THE DATA below:

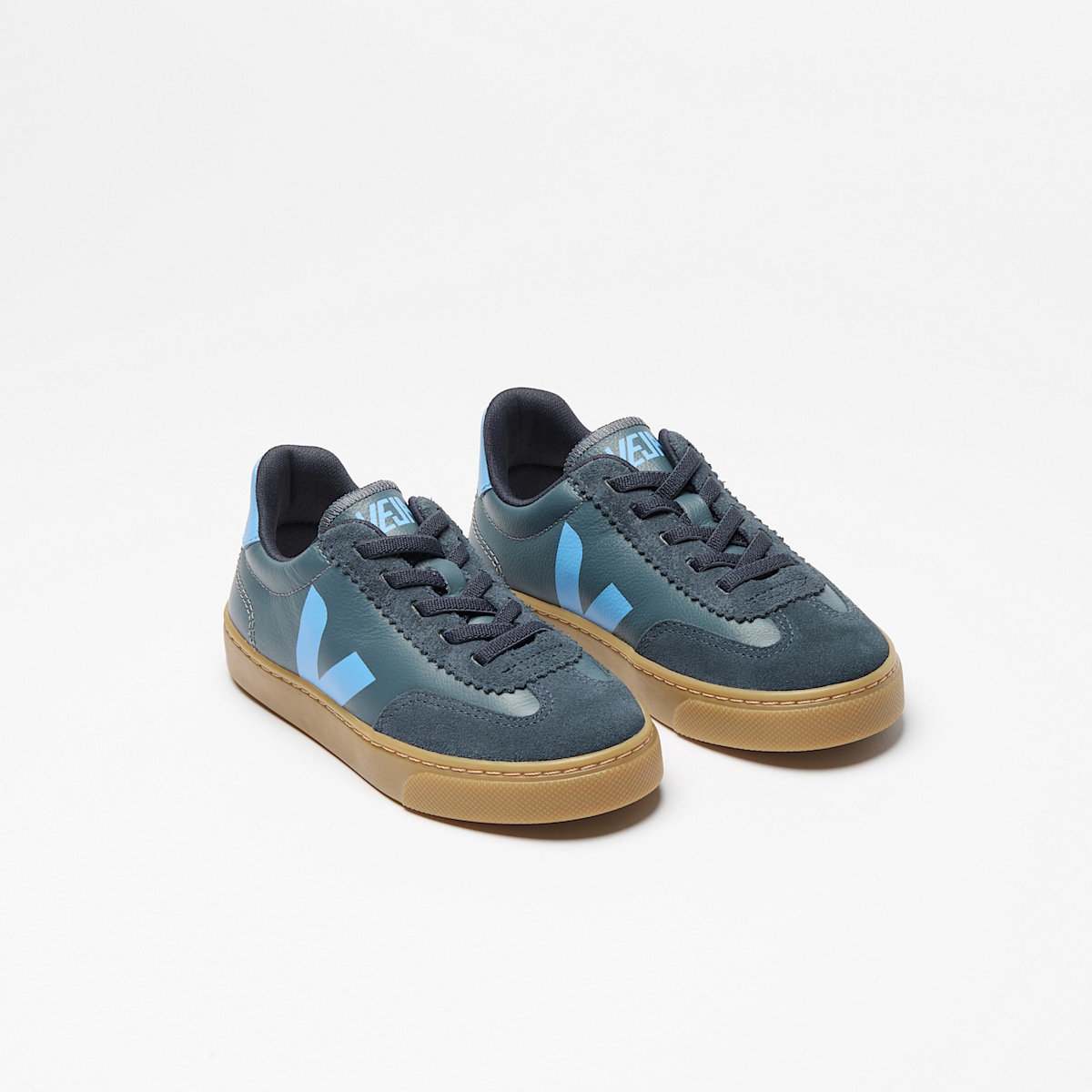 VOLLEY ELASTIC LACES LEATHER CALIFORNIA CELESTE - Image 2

End of THE DATA.
THE DATA below:

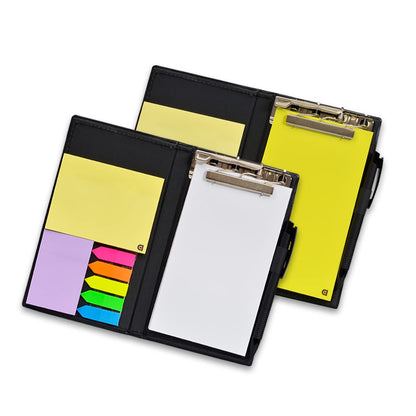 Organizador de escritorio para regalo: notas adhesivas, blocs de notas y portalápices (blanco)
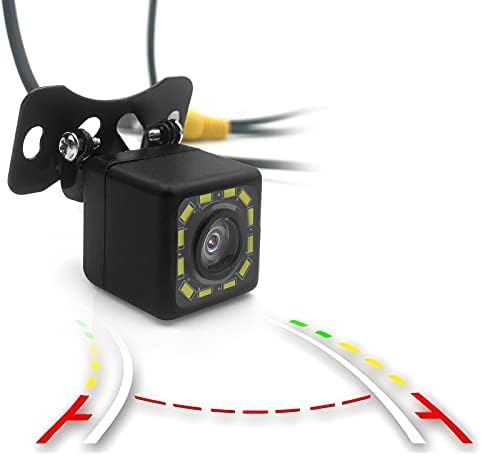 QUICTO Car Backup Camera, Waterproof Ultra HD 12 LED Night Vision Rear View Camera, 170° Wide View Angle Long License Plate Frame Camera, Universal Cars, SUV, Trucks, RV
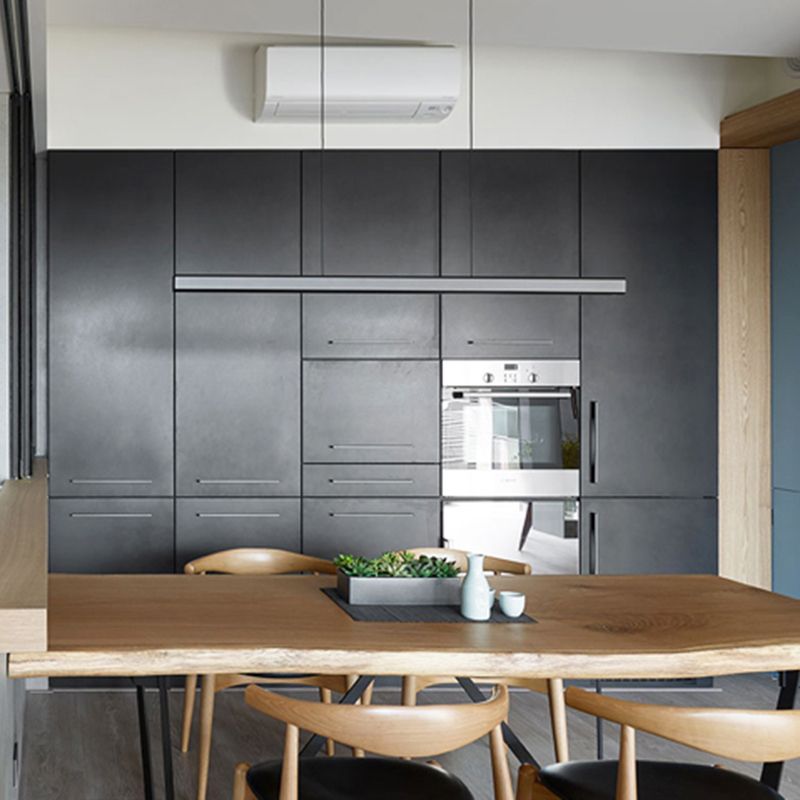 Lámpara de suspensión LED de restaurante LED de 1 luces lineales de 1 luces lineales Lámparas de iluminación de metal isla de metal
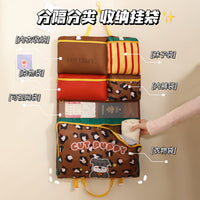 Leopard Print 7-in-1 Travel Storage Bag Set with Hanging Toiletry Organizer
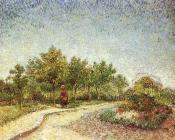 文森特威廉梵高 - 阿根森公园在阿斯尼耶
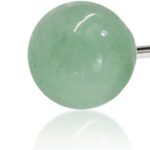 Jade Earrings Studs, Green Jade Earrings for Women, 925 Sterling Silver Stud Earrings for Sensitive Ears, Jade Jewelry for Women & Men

End of THE DATA.

▸ TASK ITEM
For this task, return exactly the stretch of the listing above from the line with "QUICTO Car Backup" through the line with "Jade Earrings Studs, Green", inclusive and without pictures.

▸ ANSWER AREA
 QUICTO Car Backup Camera, Waterproof Ultra HD 12 LED Night Vision Rear View Camera, 170° Wide View Angle Long License Plate Frame Camera, Universal Cars, SUV, Trucks, RV
 Lámpara de suspensión LED de restaurante LED de 1 luces lineales de 1 luces lineales Lámparas de iluminación de metal isla de metal
 Leopard Print 7-in-1 Travel Storage Bag Set with Hanging Toiletry Organizer
 文森特威廉梵高 - 阿根森公园在阿斯尼耶
 Jade Earrings Studs, Green Jade Earrings for Women, 925 Sterling Silver Stud Earrings for Sensitive Ears, Jade Jewelry for Women & Men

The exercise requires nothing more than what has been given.